The steering mechanism 16 includes a steerable element 30 and a shaft portion 32. FIG. 1a shows the steerable catheter when the steerable element 30 is straight. FIG. 1b shows the steerable catheter when the steerable element 30 is curved. The shaft portion 32 resides within the lumen 24 of the shaft 12 and couples the steerable element 30 to the controller 18. The steerable element 30 is a cylindrical tube defining a lumen 34 that is in connection with the lumen 24. In other embodiments, the steerable element 30 can have multiple lumens. In some embodiments, the multiple lumens of the steerable element 30 are contiguous with the multiple lumens of the shaft 12. In some embodiments, the lumen 34 of the steerable element 30 is lined by a continuous, flexible, nonporous membranous tube, having a distal end attached to the distal end 38 of the steerable element 30 and a proximal end attached to the proximal end 36 of the steerable element 30 such that the lumen of the tube and the lumen 24 are contiguous. In some embodiments, the steerable element 30 has a lower durometer value than the shaft 12, thereby facilitating deflection of the steerable element against the walls of a bone lesion, for example.

The steerable element 30 includes a proximal end 36 and a distal end 38. The distal end 38 can be rounded or beveled to facilitate passage through bone, or can be flattened to minimize unnecessary movement through or trauma to surrounding tissues. The distal end 38 can include an opening 39 in communication with the lumen 34 to permit the expression from and entry of material into the steerable catheter 10. The opening 39 may be provided on a distally facing surface, on a laterally facing surface, or on an inclined surface of the distal end 38 of the steerable element 30.
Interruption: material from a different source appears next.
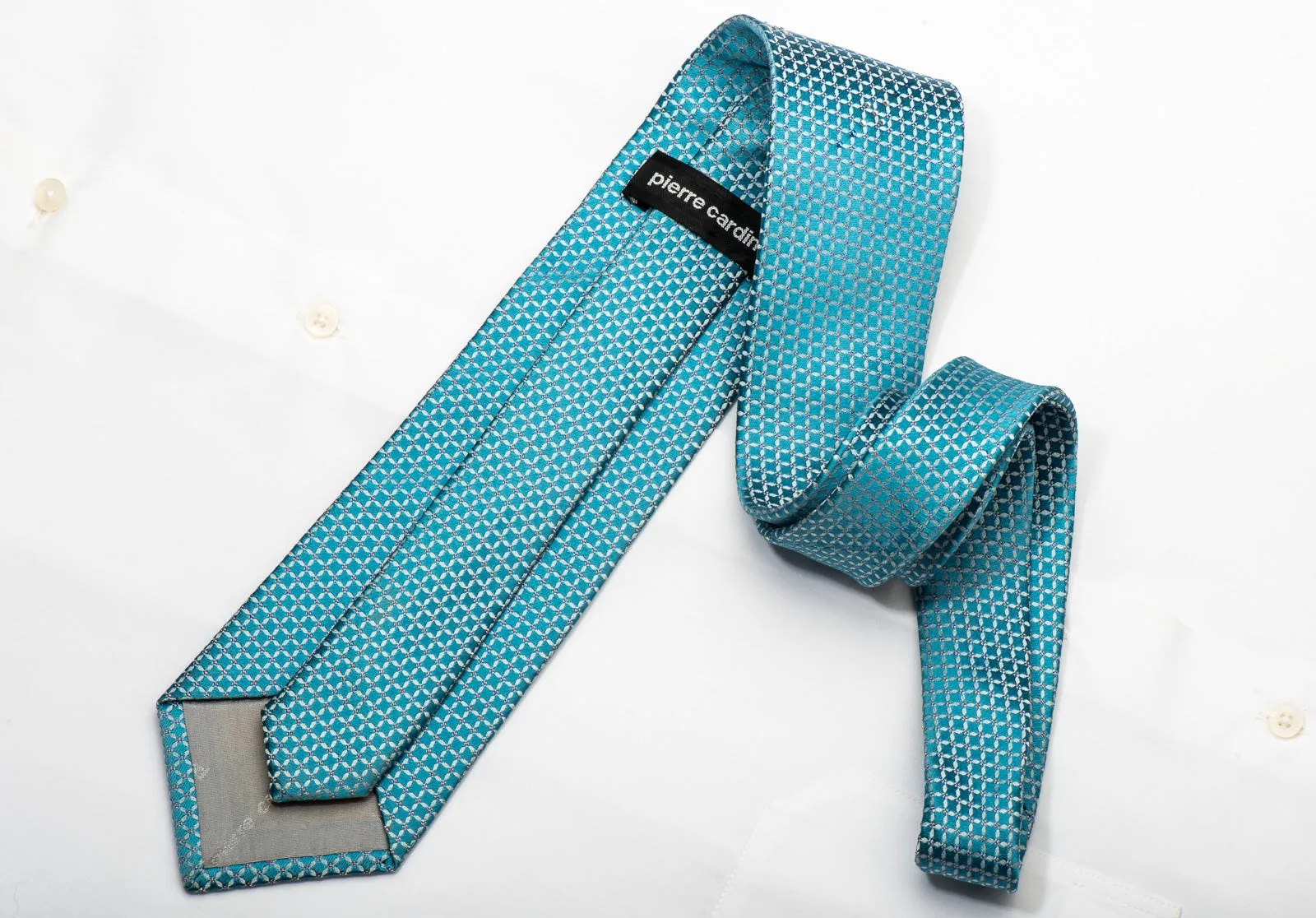 Pierre Cardin Mens Silk Necktie Silver Trellis On Turquoise Sparkling With Crystal Rhinestones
The steerable element 30 includes radiopaque markers 33 and 35 disposed near the proximal end 36 and the distal end 38, respectively. In this embodiment, the radiopaque markers 33, 35 are circular bands extending circumferentially around the steerable element 30. In other embodiments, the radiopaque markers may be configured in a variety of shapes and sizes and may be positioned in variety of locations along the steerable element 30. In some embodiments, the steerable element 30 may include any number of radiopaque markers. In other embodiments, the steerable element 30 may not include any radiopaque markers.

The steerable element 30 includes an anchoring element 37 disposed immediately proximal to the distal end 38. The anchoring element 37 illustrated in FIG. 1a is a circular band extending circumferentially around the steerable element 30. In other embodiments, the anchoring element 37 may be shaped and configured in a variety of shapes and sizes, provided that the anchoring element is located near the distal end 38. The anchoring element 37 may be connected to the steerable element 30 by a variety of methods, including welding, soldering, and adhering with adhesive. In some embodiments, the anchoring element 37 may be integrally attached to the steerable element 30.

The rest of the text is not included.